Review and purchase link

2) Roly Porter ~ Third Law (Tri Angle)
Perfect stillness. Absolute zero. There’s an alternative interpretation to be made regarding Third Law in which the music is meant as anti-cinematic, anti-descriptive – if the title refers to the third law of thermodynamics, in which the movement of energy stops entirely at 0 degrees Kelvin, motionlessness becomes key. Sure enough, the titles of the pieces indicate some action taking place, but if absolute zero is unattainable in practice (let alone in nature) and entropy is the norm, a tension in which these actions are frozen arises: they are almost unmovable images that bleed sound, that ever-so-slowly break and pull apart, dying across millions of years like stars. That’s not to say that it’s a slow album, but that its greatness relies on structures in tension, of drones that turn into ambience that sometimes lets beats take place – only do stars continually explode and unleash massive energies in an environment where everything else freezes to death or needs an atmosphere to keep it safe from stillness.

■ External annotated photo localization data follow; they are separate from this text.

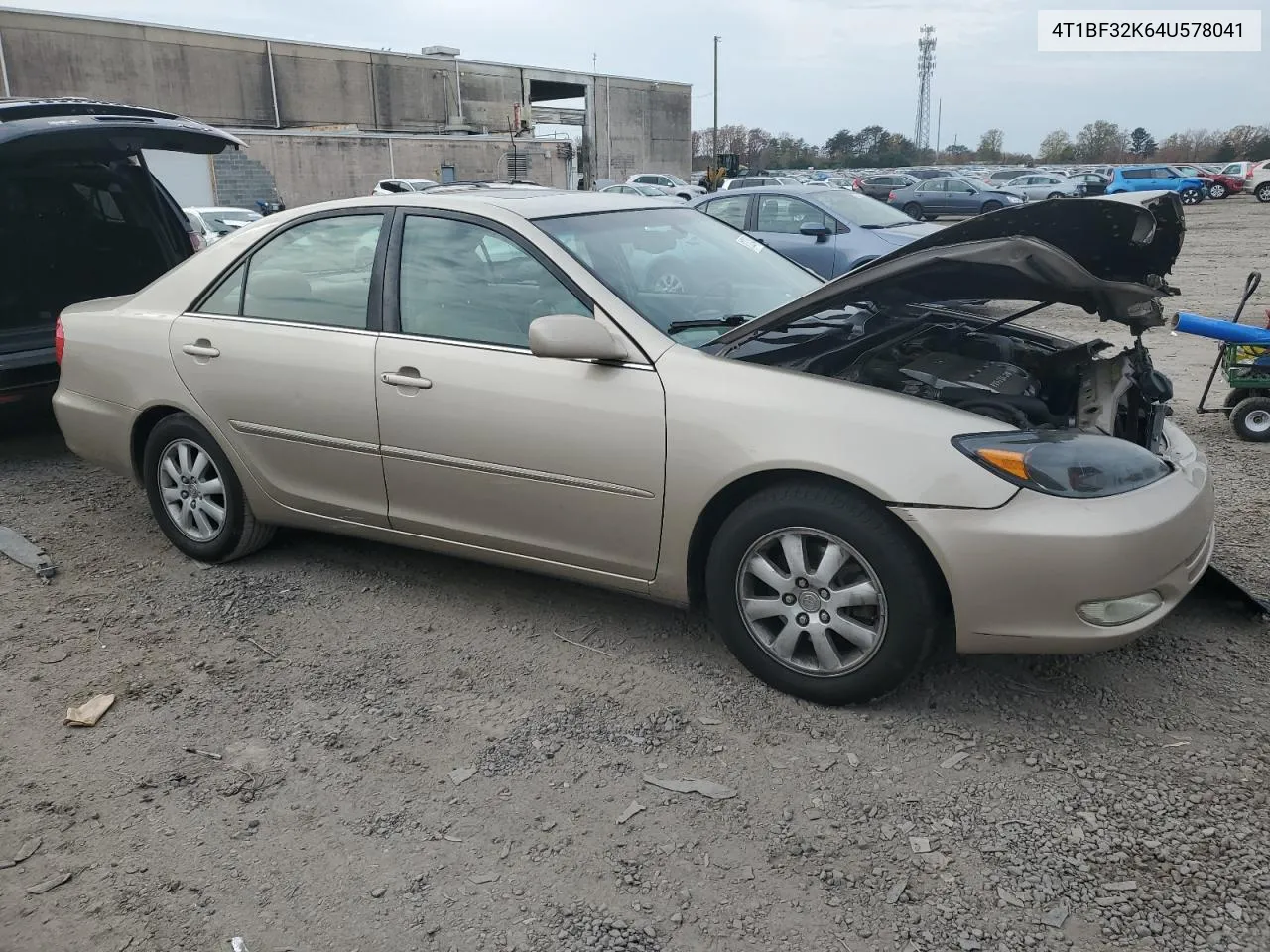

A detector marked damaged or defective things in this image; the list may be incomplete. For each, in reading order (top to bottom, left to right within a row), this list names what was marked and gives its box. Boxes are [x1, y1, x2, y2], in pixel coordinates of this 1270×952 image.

damaged front end [710, 193, 1183, 454]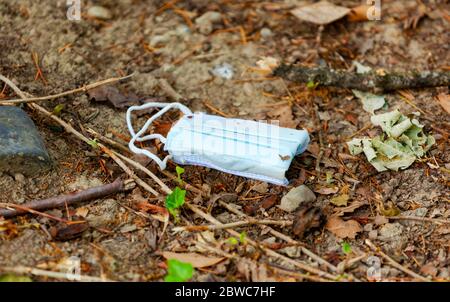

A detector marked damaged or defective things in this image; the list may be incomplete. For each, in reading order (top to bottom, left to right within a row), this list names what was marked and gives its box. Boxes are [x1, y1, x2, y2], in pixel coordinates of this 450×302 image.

broken stick [272, 64, 450, 91]
broken stick [0, 178, 128, 218]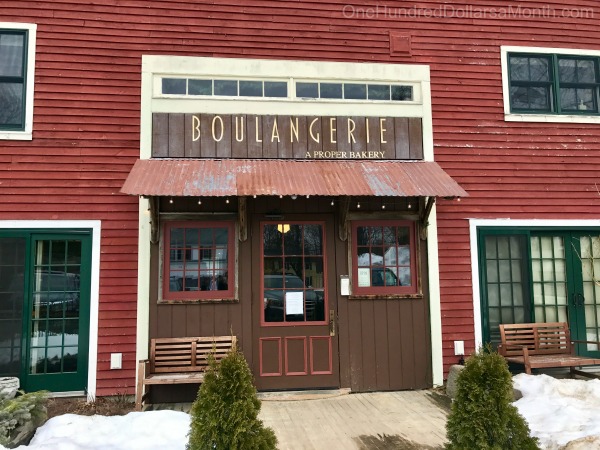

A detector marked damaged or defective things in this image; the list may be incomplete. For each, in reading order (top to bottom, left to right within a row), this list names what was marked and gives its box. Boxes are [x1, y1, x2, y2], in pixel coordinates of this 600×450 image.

rusty corrugated metal awning [120, 160, 468, 199]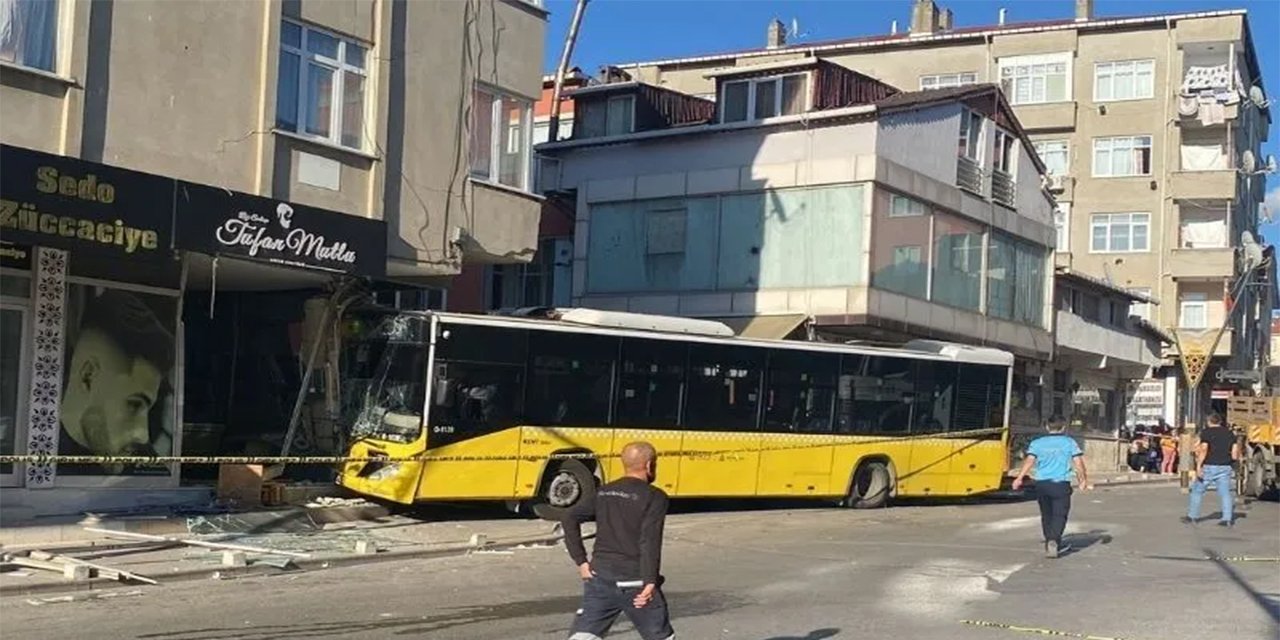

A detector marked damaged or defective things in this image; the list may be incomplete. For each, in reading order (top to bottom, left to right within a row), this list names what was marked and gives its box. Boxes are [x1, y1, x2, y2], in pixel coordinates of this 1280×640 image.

shattered glass on bus [350, 312, 430, 442]
damaged bus windshield [350, 313, 430, 442]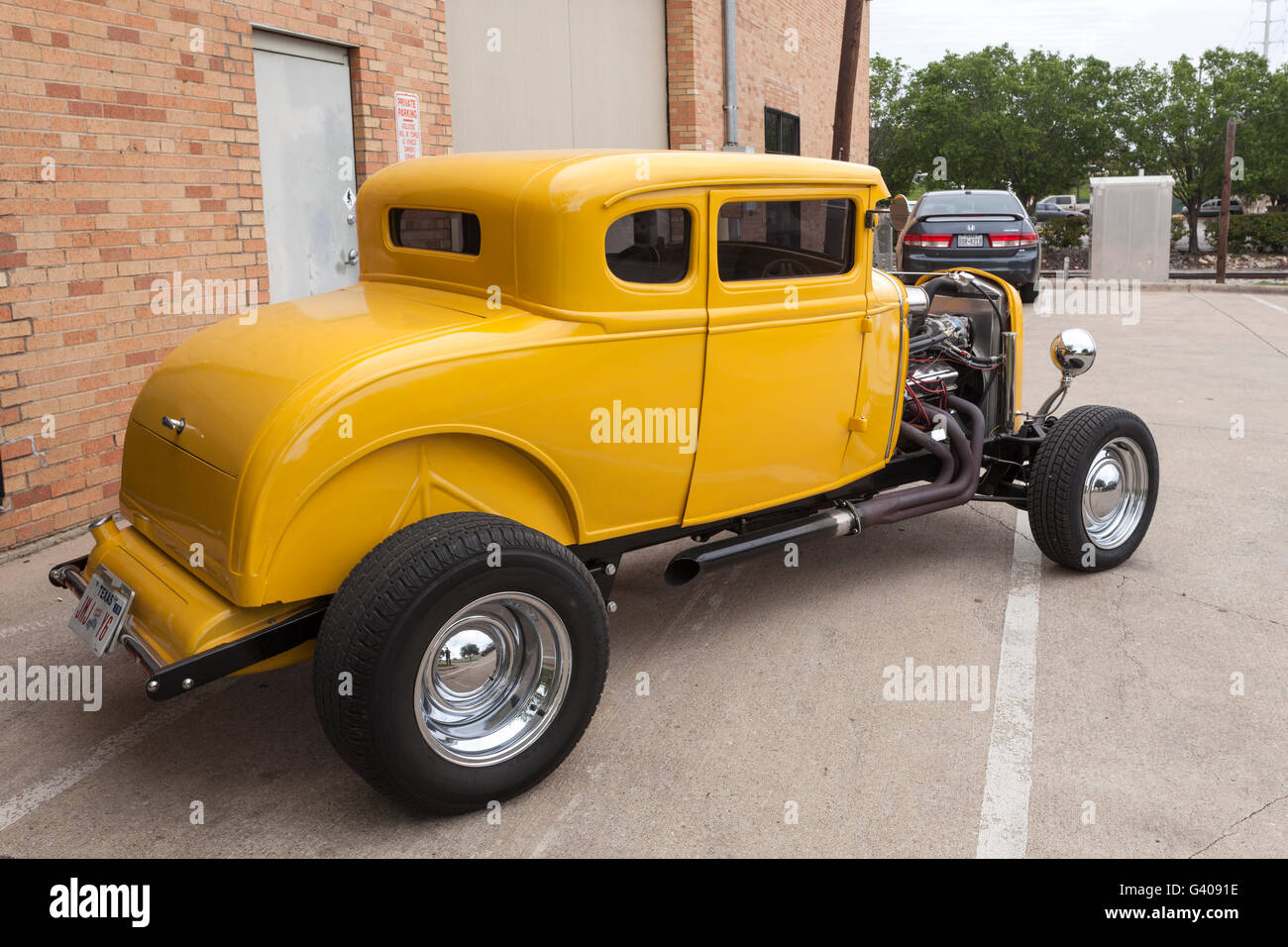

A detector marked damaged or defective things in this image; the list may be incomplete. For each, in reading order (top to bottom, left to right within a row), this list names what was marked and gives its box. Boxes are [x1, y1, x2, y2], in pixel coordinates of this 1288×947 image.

crack in pavement [1185, 793, 1288, 860]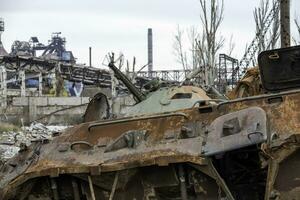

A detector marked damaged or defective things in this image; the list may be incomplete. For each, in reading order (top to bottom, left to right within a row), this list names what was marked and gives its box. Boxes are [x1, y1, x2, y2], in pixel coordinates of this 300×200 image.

rusty metal debris [0, 46, 298, 199]
burnt tank [0, 46, 300, 198]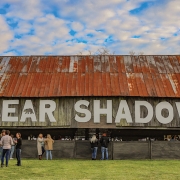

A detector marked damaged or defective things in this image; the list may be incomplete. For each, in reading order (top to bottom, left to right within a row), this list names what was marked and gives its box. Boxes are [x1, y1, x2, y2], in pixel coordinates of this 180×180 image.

rusty corrugated roof [0, 55, 180, 97]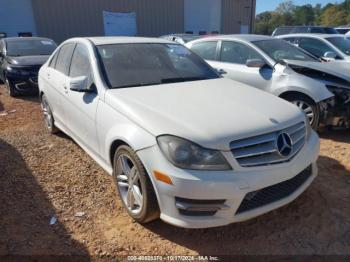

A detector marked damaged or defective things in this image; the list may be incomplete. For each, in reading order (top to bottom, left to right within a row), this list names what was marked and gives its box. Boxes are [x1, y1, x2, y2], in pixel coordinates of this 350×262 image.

damaged car [0, 37, 56, 96]
damaged car [186, 34, 350, 129]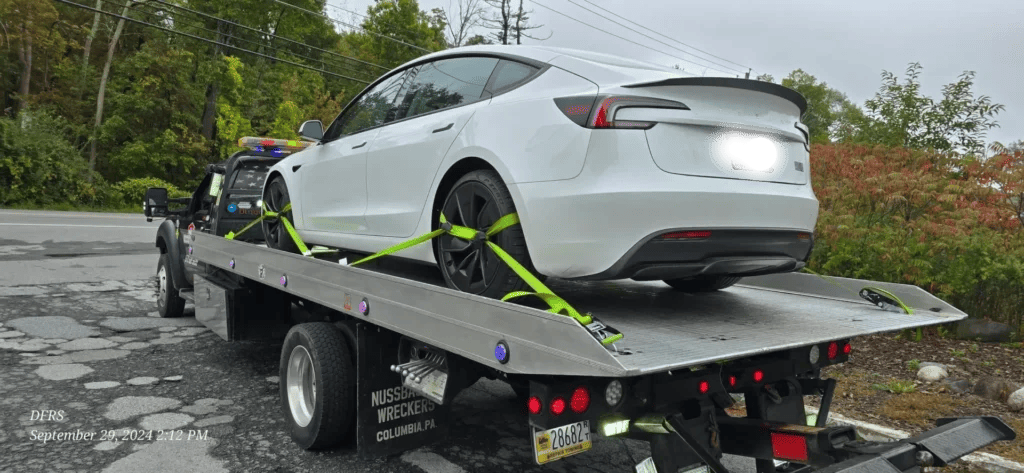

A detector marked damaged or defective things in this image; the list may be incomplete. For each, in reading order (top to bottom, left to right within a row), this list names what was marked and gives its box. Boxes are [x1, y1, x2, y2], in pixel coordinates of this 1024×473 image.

cracked pavement [0, 208, 757, 470]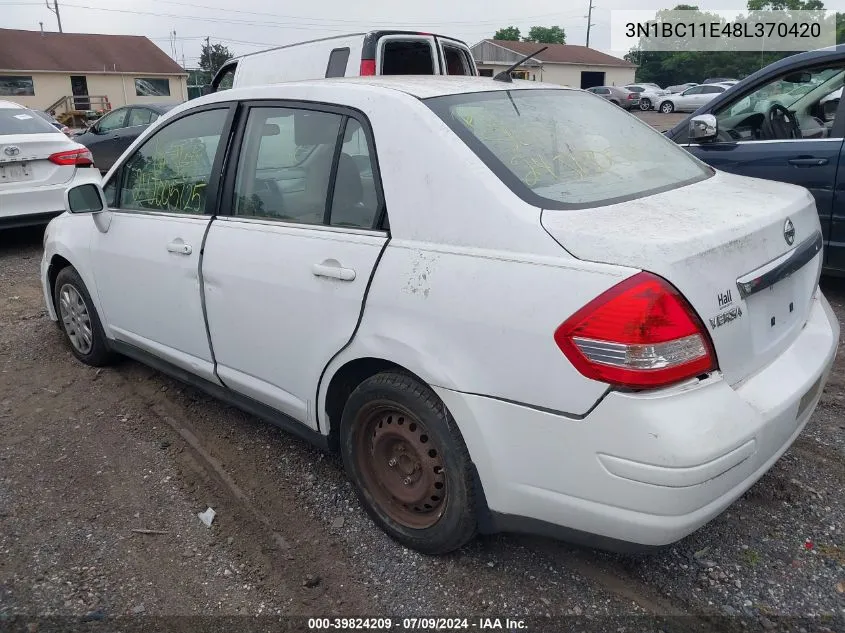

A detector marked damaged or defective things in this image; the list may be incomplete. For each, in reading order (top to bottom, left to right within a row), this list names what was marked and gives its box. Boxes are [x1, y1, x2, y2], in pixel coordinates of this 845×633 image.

rusty steel wheel [354, 404, 448, 528]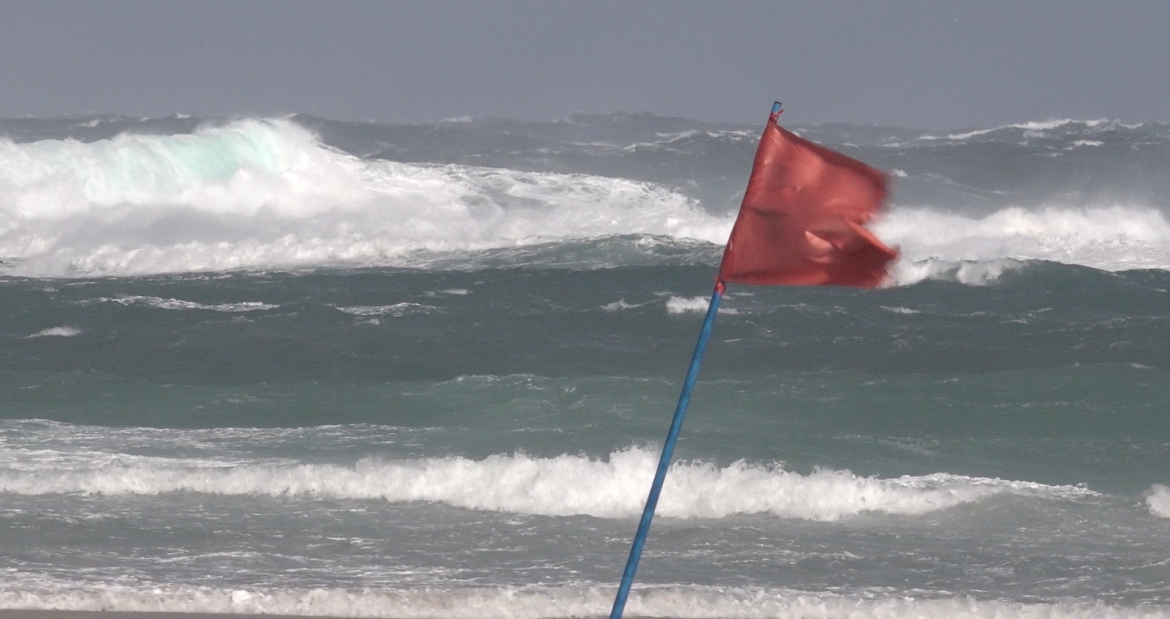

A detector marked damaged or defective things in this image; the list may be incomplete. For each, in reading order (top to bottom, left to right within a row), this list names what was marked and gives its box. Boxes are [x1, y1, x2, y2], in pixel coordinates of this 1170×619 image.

tattered red flag [711, 104, 893, 287]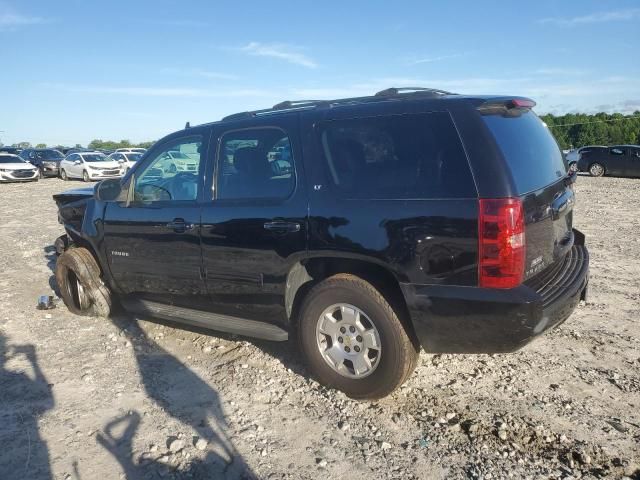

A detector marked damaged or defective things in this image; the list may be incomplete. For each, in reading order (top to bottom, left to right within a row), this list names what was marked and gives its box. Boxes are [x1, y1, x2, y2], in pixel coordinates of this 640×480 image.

damaged rear wheel [55, 246, 112, 316]
crushed rear bumper [402, 229, 588, 352]
bent rim [316, 304, 380, 378]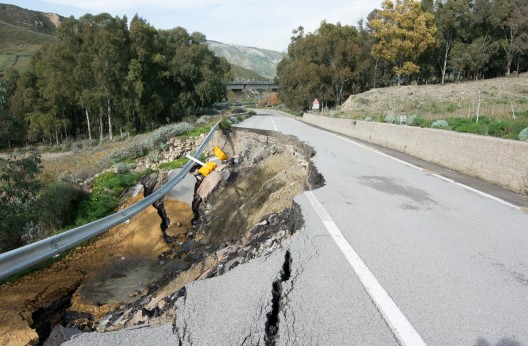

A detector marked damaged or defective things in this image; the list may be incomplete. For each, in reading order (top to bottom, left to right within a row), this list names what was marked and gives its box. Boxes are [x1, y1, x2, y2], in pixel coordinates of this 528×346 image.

bent guardrail [0, 121, 219, 282]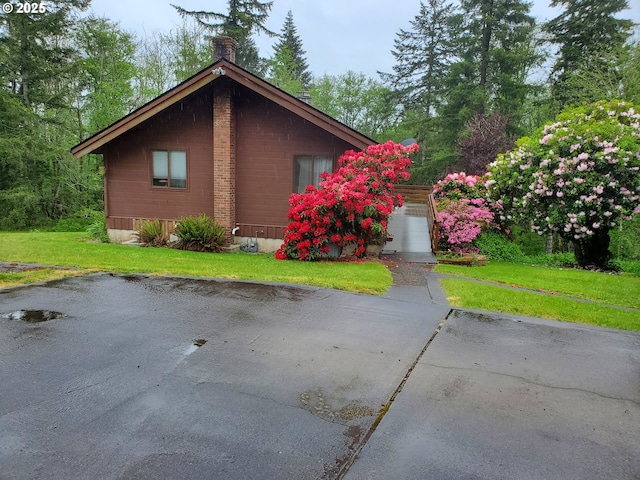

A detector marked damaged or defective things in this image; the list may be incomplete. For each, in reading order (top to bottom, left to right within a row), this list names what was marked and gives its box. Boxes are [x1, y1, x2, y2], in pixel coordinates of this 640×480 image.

Third Law pushes electronic music to the edge by bringing to the fore its inherent opposition to that which is unmovable. (David Murrieta)

Review and purchase link

3) Eluvium ~ False Readings On (Temporary Residence)
Angelic tones and celestial beings run their pale, transparent fingers through False Readings On, the eighth release from Eluvium. This is reflective music for transient, temporary bodies struggling to cope – that are, in reality, on the verge of shutting down. With more of an emphasis on the electronic, Portland’s Matthew Cooper explores the self and its inner psychological workings, conflicts and associations – primarily the negative forces of fear, self-doubt and anxiety, and 2016 had a lot of that. Ambient music can be most effective in periods like these, though; when things don’t go the way they perhaps ought to, or when things are looking decidedly grim. In times of stress, ambient music is a comforter and a healer, so maybe ambient needs a frail uncertainty in the way that yin needs yang or the way that a healthy faith needs a dose of doubt: the emotional character of the music is all the stronger for it. As the operatic vocals ascend, the music takes on a spectral, flowing beauty, and it approaches its subject sensitively; its subtlety makes it all the more emotionally moving. Reverb-laced choirs and air-conditioned drones only help in developing an atmosphere of calm – it isn’t anxious at all, but it’s there in the back of the mind, fizzing like an unopened can of Coke, threatening to explode with white noise; harmony within disharmony. False Readings On has a quiet, transforming power that regenerates the soul.  (James Catchpole)

Review and purchase link

4) Jherek Bischoff ~ Cistern (Leaf)
It was clearly a wise decision for Jherek Bischoff to shed vocals entirely with his latest solo LP. Solitary in composition and concept, if not execution (see the extensive performer credits), Cistern was inspired by the composer’s confinement in a two-million-gallon underground water tank replete with natural reverb – but its seeds were planted far before as Bischoff recalled while in the tank boat trips taken in his childhood. Such memories seem vividly conveyed in the set’s more saccharine moments (“Headless”), but these bob in isolation on still waters far-reaching. Sedate and lulling into reflection, drawn-out violins are carried by tidal waves of slow, rhythmic cello, as in the plodding album highlight “Closer To Closure “ or the more ominous “The Wolf”. At times like a flock of gulls the strings take off to soar with rapturous repeating melody (“Cistern”) – compromising the set’s singularity yet making the heart soar alike. (Chris Redfearn-Murray)

Review and purchase link

5) ‘Olafur Arnalds ~ Island Songs (Mercury Classics)
Leave it to someone like Arnalds to make such an ambitious project sound so humble and small in scale – Island Songs is an aural folk journal of Iceland for which many other artists would have probably been happy to claim some sort of national significance. This is not that kind of gesture, with its vulnerability, its intimate tone, its utterly personal revelation of a man’s relationship to a place, a time, and the people in it. Arnalds seems to be a Romantic still, framing that relation through an impassioned lens that resists confinement while being able to portray meaningful emotion with just a simple piano melody or a string harmony that barely whispers its presence to the listener. It’s not so much a minimalism as it is a kind of affective precision, like the charcoal outlines of a mountain range in the cover: an intangible suggestion that seems to carry all the feelings in the world with it, because those mountains are as much uniquely yours as they are someone’s, perhaps everyone’s. (David Murrieta)

Review and purchase link

6) Matmos ~ Ultimate Care II (Thrill Jockey)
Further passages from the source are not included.